7. This is however not all. When the corresponding section of the Bills of Exchange Act where the language was almost identical with Section 87 of the Negotiable Instruments Act came up for construction before their Lordships of the Judicial Committee in Hongkong and Shanghai Banking Corporation v. Lo Lee Shi (1928) A.C. 181 : 55 M.L.J. 627 (P.C.), it was held by their Lordships that the words of the section related only to alterations effected by the will of the person by whom or under whose directions they were made and that they did not apply to a change due to a pure accident such as the document being mutilated and defaced by the wash and ironing of the garment in which it was left or by the ravages of the white ants or the seal of a deed being torn off by a child or eaten off by rats or burnt by the hot-end of a cigarette. If cases of pure accident were not found to fall within the terms of the corresponding section of the Bills of Exchange Act, is there any reason to interpret Section 87 of the Negotiable Instruments Act in such a manner as to debar an innocent person from maintaining an action simply because the promissory note was taken away without the knowledge or consent of its owner by a stranger who made some alterations in the instrument either knavishly or foolishly. In Hutchins v. Scott (1837) 2 M. & W. 809 : 150 E.R. 984, Anderson, B., remarked:
It is difficult to understand why an alteration by a stranger should in any case avoid the deed, why the tortious act of a third person should affect the two parties to it unless the alteration goes the length of making it doubtful what the deed originally was or what the parties meant.
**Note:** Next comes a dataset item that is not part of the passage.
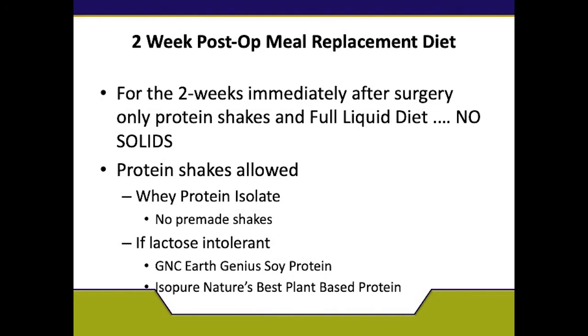After surgery, they will put you back on a clear diet. One of the dietitians will come to visit you to check that you're doing okay, and then we will also place you back on the liquid diet you were following previously. This two-week post-op liquid diet will include your protein shakes and other full liquid drinks. If you were doing any pre-made liquid shakes prior to surgery, we're going to switch you to powder form. Please no Premier or Fair Life shakes after surgery. Stick to whey protein isolate, or if you're lactose intolerant, lactose-free shakes such as GNC Earth Genius, Soy Protein, IsoPure Nature's Best Plant Base, or Vega Sport.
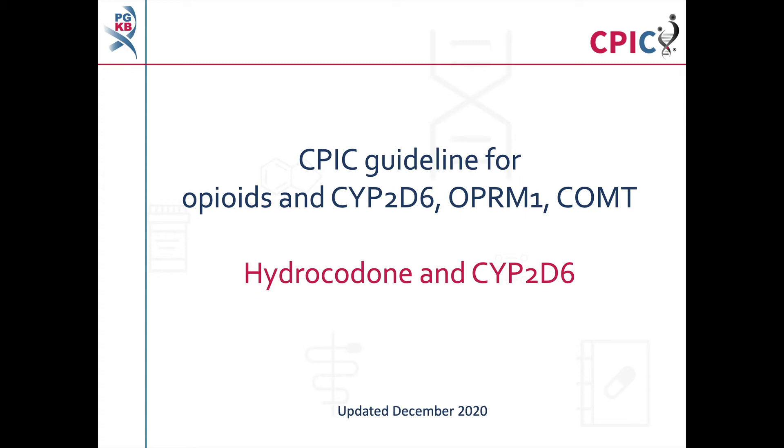This is a summary of the CPIC guideline for opioids and variation in the genes CYP2D6, OPRM1, and COMT. This video will specifically discuss the recommendations for hydrocodone and CYP2D6. Videos discussing the recommendations for codeine and tramadol can be found on the PharmGKB website and on the PharmGKB YouTube channel. This guideline was last updated in December 2020.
8. The question "suppose the stranger destroyed it instead of altering it?" put by Lord Abinger during the course of the arguments in the above case discloses the view the noble Lord was taking of the case. There is no doubt that an action would lie on a destroyed bill both at common law and under the Indian Act. The rule has been stated thus in paragraph 287 of Halsbury's Laws of England (Halsbury's edition):
If an alteration (by erasure, interlineation, or otherwise) is made in a material part of a deed, after its execution, by or with the consent of any party thereto or person entitled thereunder but without the consent of the party or parties liable thereunder, the deed is thereby made void. The avoidance, however, is not ab initio, or so as to nullify any conveyancing effect which the deed has already had; but only operates as from the time of such alteration, and so as to prevent the person, who has made or authorised the alteration, and those claiming under him, from putting the deed in suit to-enforce against any party bound thereby, who did not consent to the alteration, any obligation, covenant or promise thereby undertaken or made (h).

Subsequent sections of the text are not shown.